As you ramble on through life, brother,
Whatever be your goal,
Keep your eye upon the doughnut,
And not upon the hole.
My father was a wise man of many sayings. The Optimist’s Creed or Doughnut Philosophy was one of his favorites—a most significant nugget of wisdom. I’m grateful for possessing a sound mind, guided by this motto while passing it along to my children.
Yes, he was a simple man. It served him, his family, and all who knew him well.
On this day, sixteen years ago, my wonderful father departed from his Earth Walk. The latter part of his life was filled with many physical challenges. He had succumbed to an environmentally caused neurological disease—Multiple System Atrophy—a terminal illness in the Parkinson’s family.
Although my friend would remind me that time is an illusion, it is what we know on this planet, and if I write about it in our terms, you’ll get it. So, let me say that since the day of my father’s death, time seems to have passed at Mach speed. Then again, it feels like it was just yesterday when he uttered his last words to me, Goodnight, Maryjane.
Of course, I said goodnight and sweet dreams. And I pray that it has been so.
I savor those simple words—so much more than the formation of sound upon the lips or receiving information into the ears. Again and again, it is awakening from the dream. My father would never bid me goodnight again in his physical form as I knew him. This is one of those things that lingers on the wing of your heart, considering taking flight but remaining close and intact.
My father had been dying for so long, that letting go was bittersweet. I can imagine the twinkle in his eye and laughter that filled any room he entered. His laughter, like all laughter in the best light, is medicine. Even his jokes that were not funny invited laughter because his good cheer was infectious.
I cannot, for a moment, imagine him in this world that we inhabit now. My father was a fair-minded person, involved in the betterment of the community. He was more than an accomplished athlete; he was a mentor and a coach. He was the chairman of the local school board and president of the band and sports booster clubs. He authentically not only wanted what was best for the children of the world, but he also rolled up his sleeves and participated in the betterment.
I think of and dream of him often.
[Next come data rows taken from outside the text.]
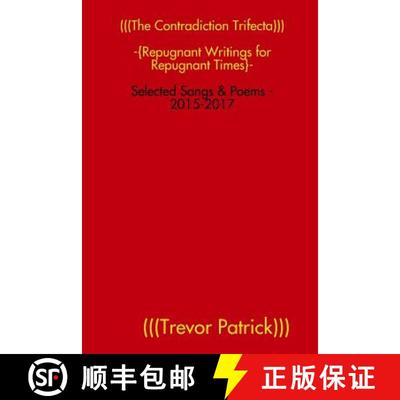【3-4周达】(((The Contradiction Trifecta))) - Selected Songs & Poems - 2015-2017 [9781387163434]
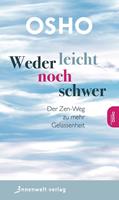   Weder leicht noch schwer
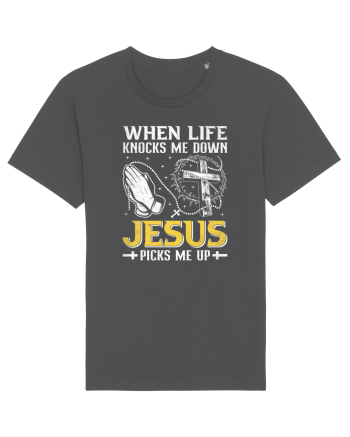 When life knocks me down Jesus picks me up Anthracite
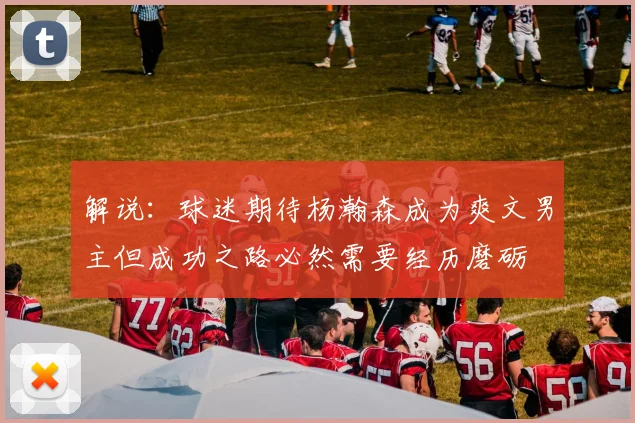 解说：球迷期待杨瀚森成为爽文男主但成功之路必然需要经历磨砺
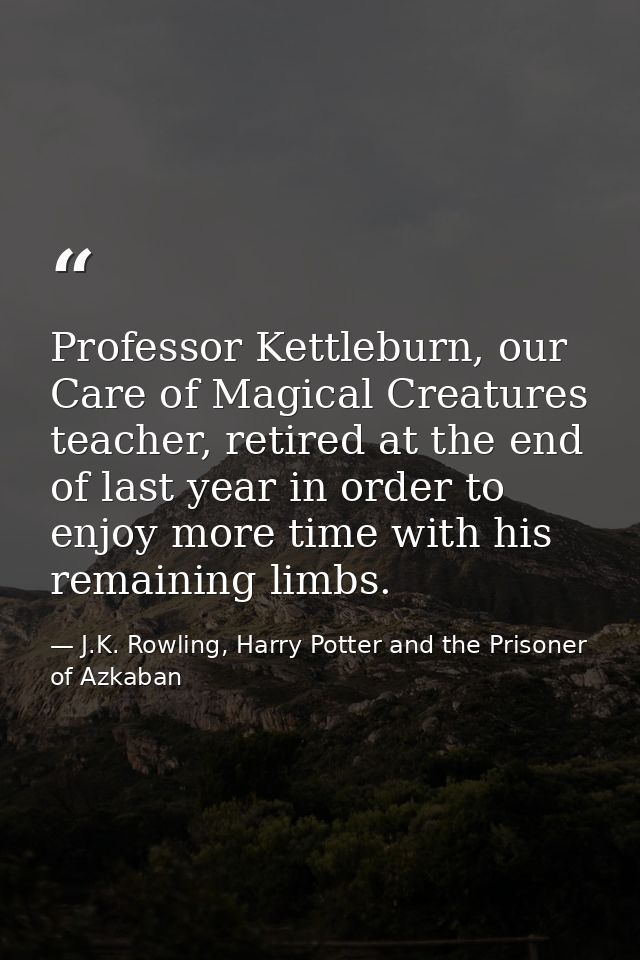 Professor Kettleburn, our Care of Magical Creatures teacher, retired at the end of last year in order to enjoy more time — J.K. Rowling, Harry Potter and the Prisoner of Azkaban
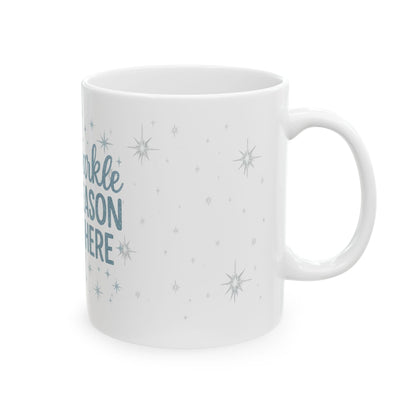 Printify Mug Sparkle Season Is Here Mug – Festive Winter Ceramic Coffee Cup (11oz / 15oz)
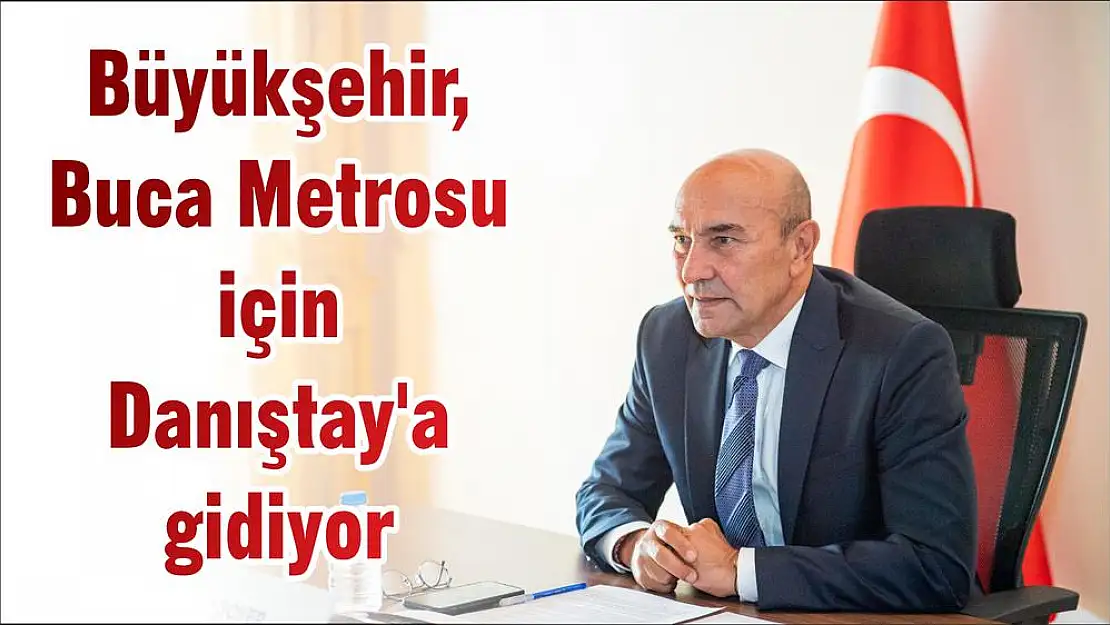 Büyükşehir, Buca Metrosu için Danıştay'a gidiyor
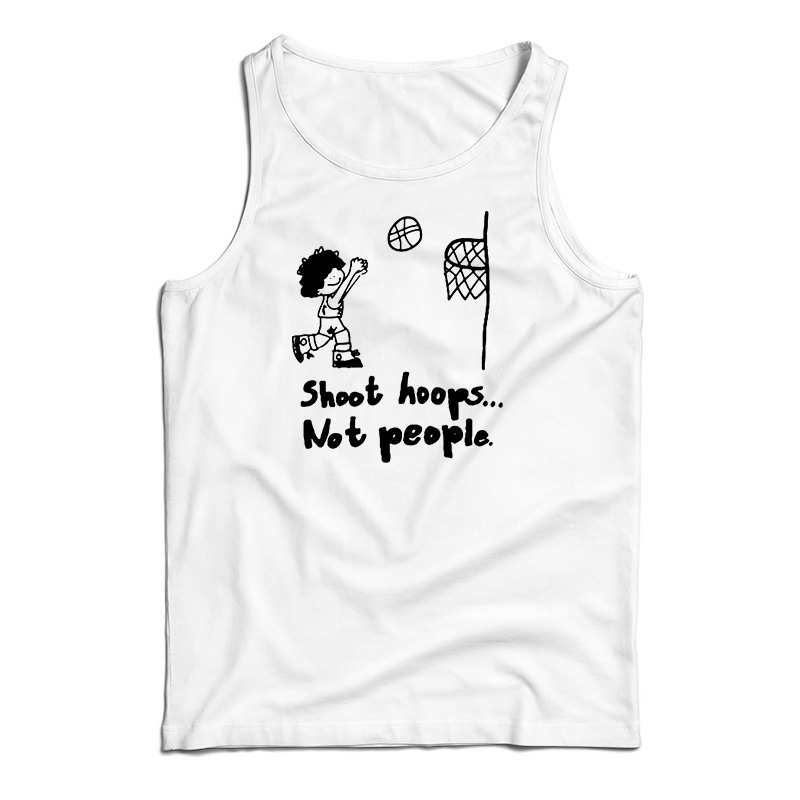 Shoot Hoops Not People Tank Top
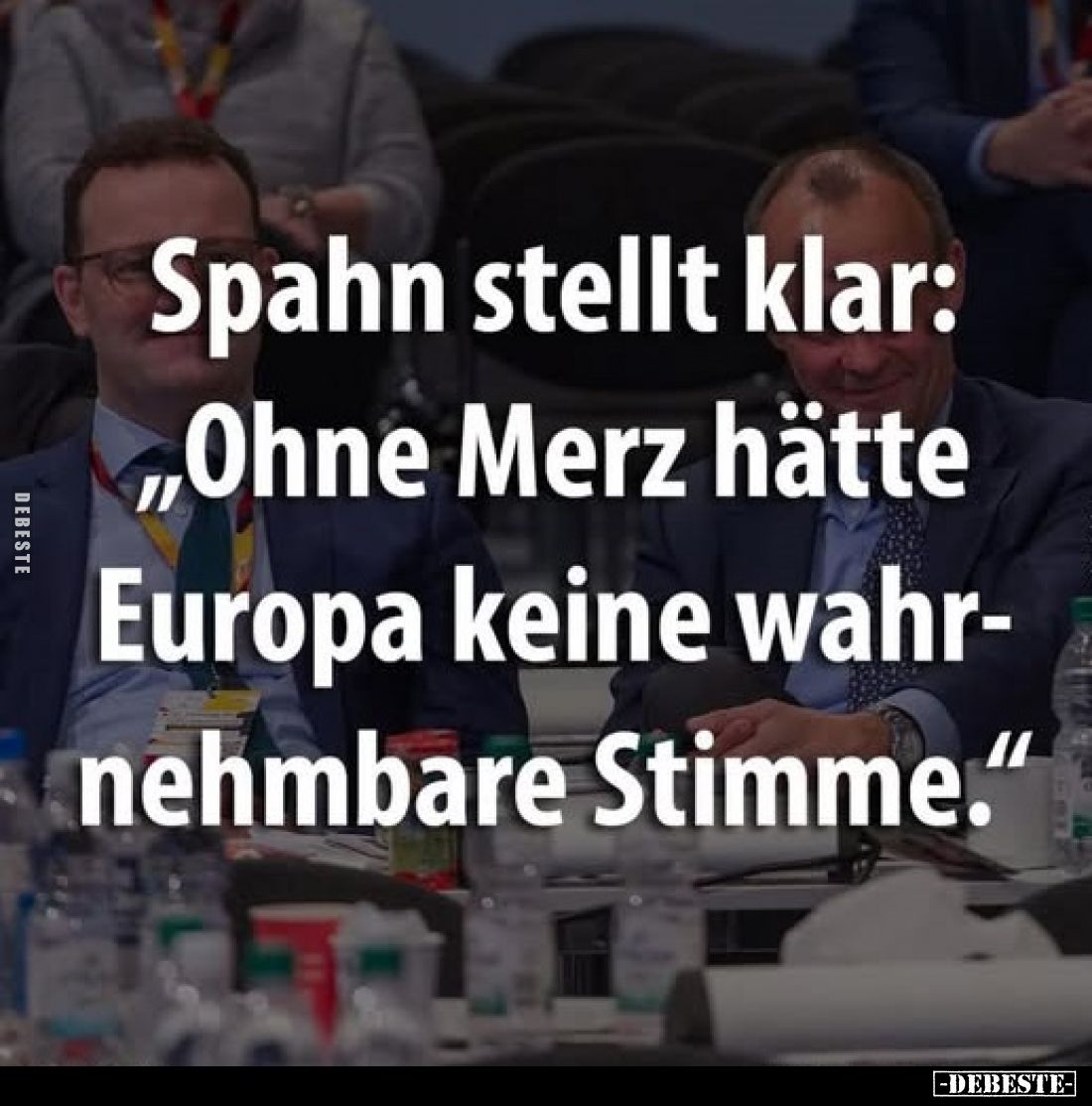 Spahn stellt klar: "Ohne Merz hätte Europa keine wahrnehmbare Stimme".
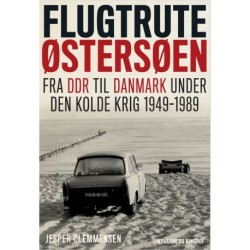 Flugtrute Østersøen: Fra DDR til Danmark under Den Kolde Krig (1949-1989)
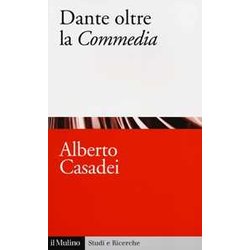 Dante Oltre La «Commedia» Dante Oltre La «Commedia»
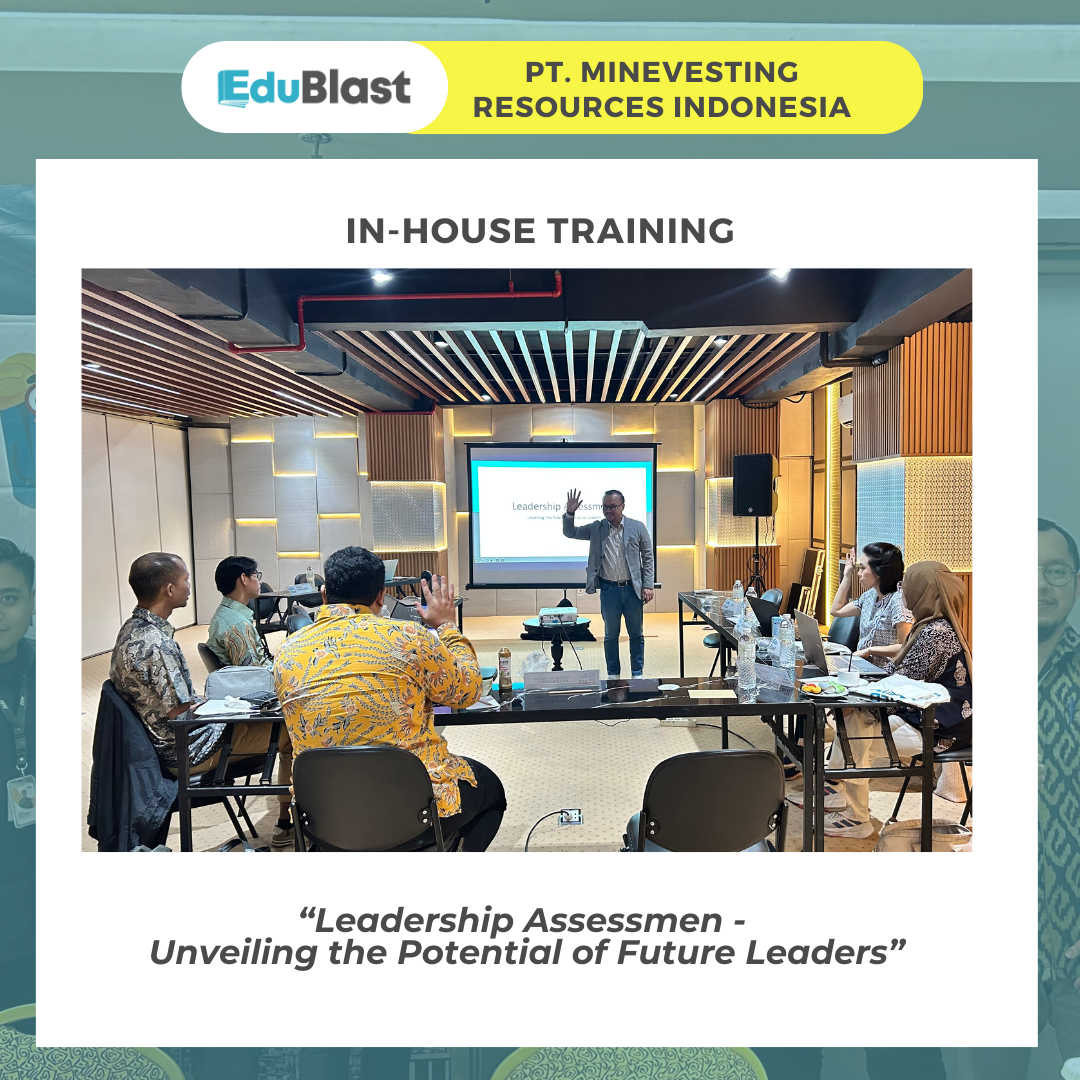 In-House Training Leadership Assessment: Unveiling the Potential of Future Leaders - PT. Minevesting Resources Indonesia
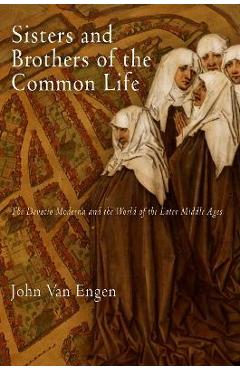 Coperta cărții 'Sisters and Brothers of the Common Life: The Devotio Moderna and the World of the Later Middle Ages - John Van Engen'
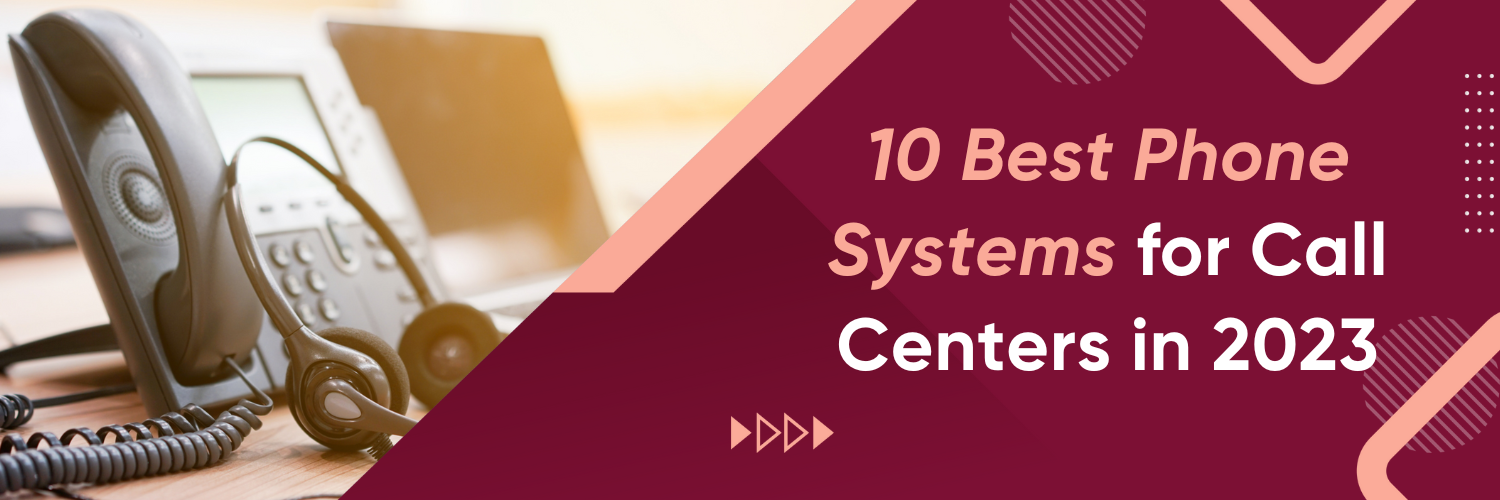 10 Best Phone Systems for Call Centers in 2023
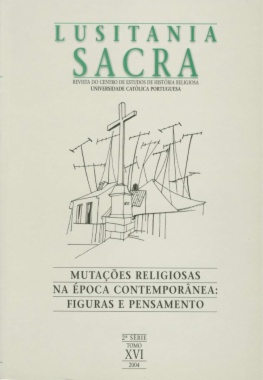 Lusitania Sacra n. 16. Mutações religiosas na Época Contemporânea: figuras e pensamento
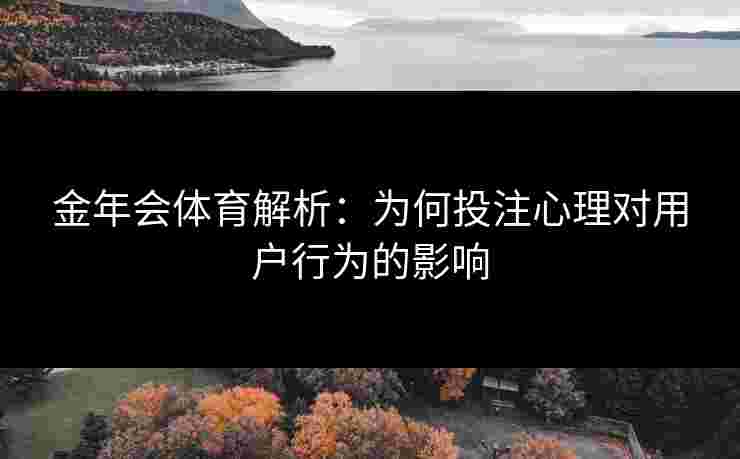 金年会体育解析：为何投注心理对用户行为的影响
I am grateful that he was my father in this life and even more thankful that he did not have to witness the unimaginable challenges in our midst.
He raised me well. I learned about courage, compassion, love, and how to stoop down and do things like stack wood, maintain the hearth, shovel manure, and do other chores that build character. Stooping down is more than the physical act of bending down. It is about erasing the boundaries that separate one class from another. My father, Ramsey Pettengill, taught me about humility and grace. He told us to be thankful that it is no worse.
I can imagine his laughter and smile when thinking about him teaching high school kids—my friends and me—how to do the foxtrot, rhumba, and cha cha cha. I was proud that my father felt that it would be neat if we could at least try to cut a rug as he and others in his generation did so well.
I miss him calling me into the room to play the organ for him and his friends to dance. Just so you know, if you do feel like doing the Alley Cat, I got ya’ covered.